| The problem |
All of the data goes into your copy exactly as written. Images do not.

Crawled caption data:
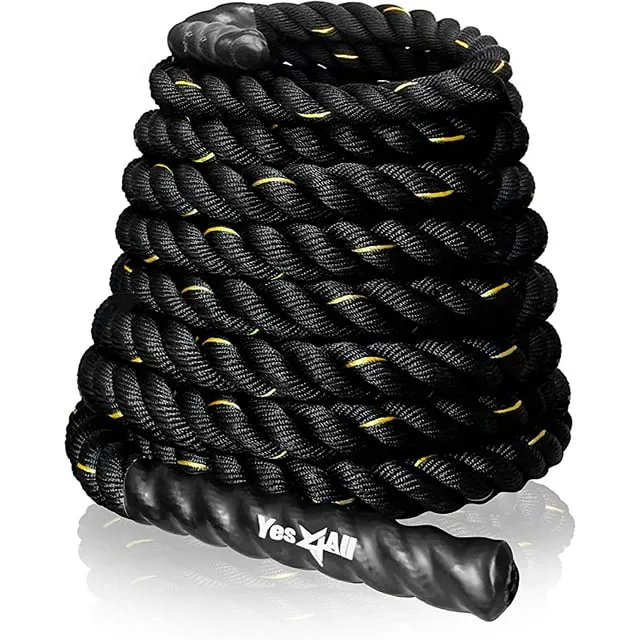 Yes4all Battle Rope 40ft 2in Anti-Slip Poly Dacron for Full Body Workout, Home Gym, Size: 2in Diameter - 40ft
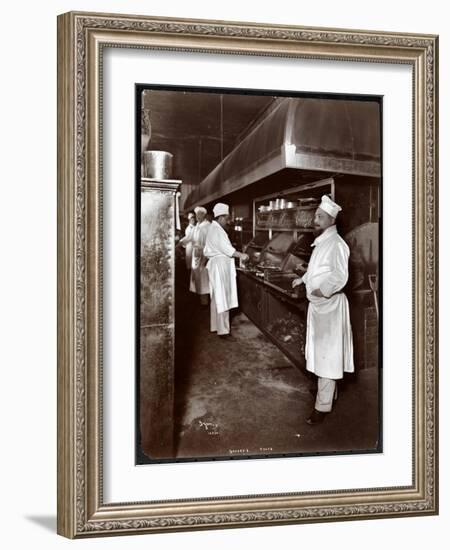 Chefs Cooking at Sherry's Restaurant, New York, 1902-Byron Company-Framed Giclee Print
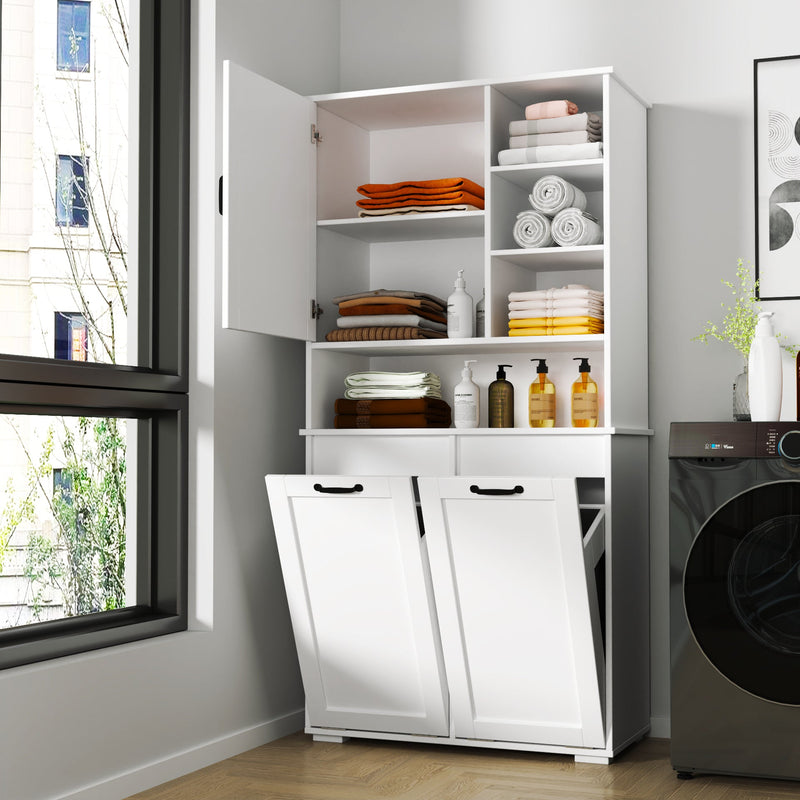 Laundry Cabinet with Doors and Shelf, Tilt-Out Laundry Hamper, Multiple Storage Space by HouseOfZazla
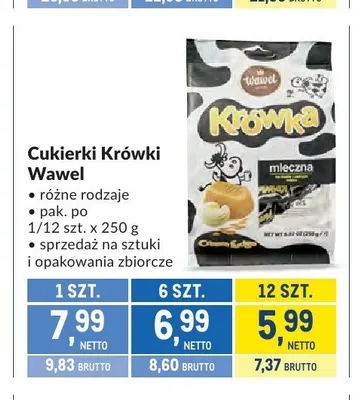 Cukierki Krówki Wawel Mleczna promocja w Makro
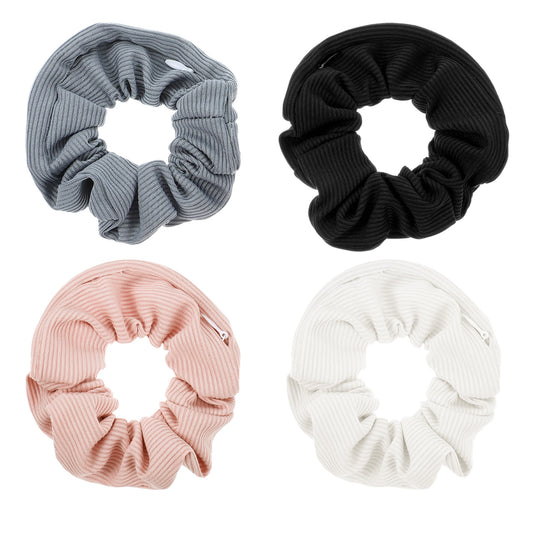 HJZHII 4PCS Pocket Scrunchie, Hidden Zipper Scrunchies Hair Ties Stash Scrunchy Large Ponytail Holder Hairs Accessories with Hidden Pocket for Women Girls Thin Thick Hair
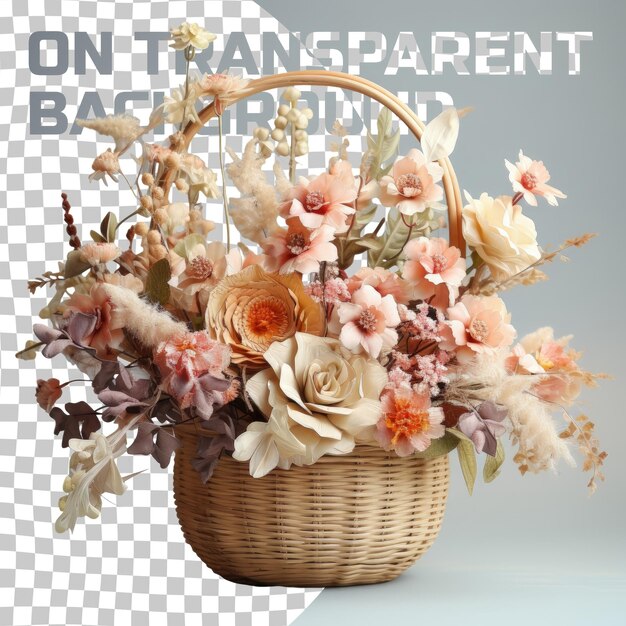 Fresh flowers in a large wooden basket on a transparent background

| Response |
 Yes4all Battle Rope 40ft 2in Anti-Slip Poly Dacron for Full Body Workout, Home Gym, Size: 2in Diameter - 40ft
 Chefs Cooking at Sherry's Restaurant, New York, 1902-Byron Company-Framed Giclee Print
 Laundry Cabinet with Doors and Shelf, Tilt-Out Laundry Hamper, Multiple Storage Space by HouseOfZazla
 Cukierki Krówki Wawel Mleczna promocja w Makro
 HJZHII 4PCS Pocket Scrunchie, Hidden Zipper Scrunchies Hair Ties Stash Scrunchy Large Ponytail Holder Hairs Accessories with Hidden Pocket for Women Girls Thin Thick Hair
 Fresh flowers in a large wooden basket on a transparent background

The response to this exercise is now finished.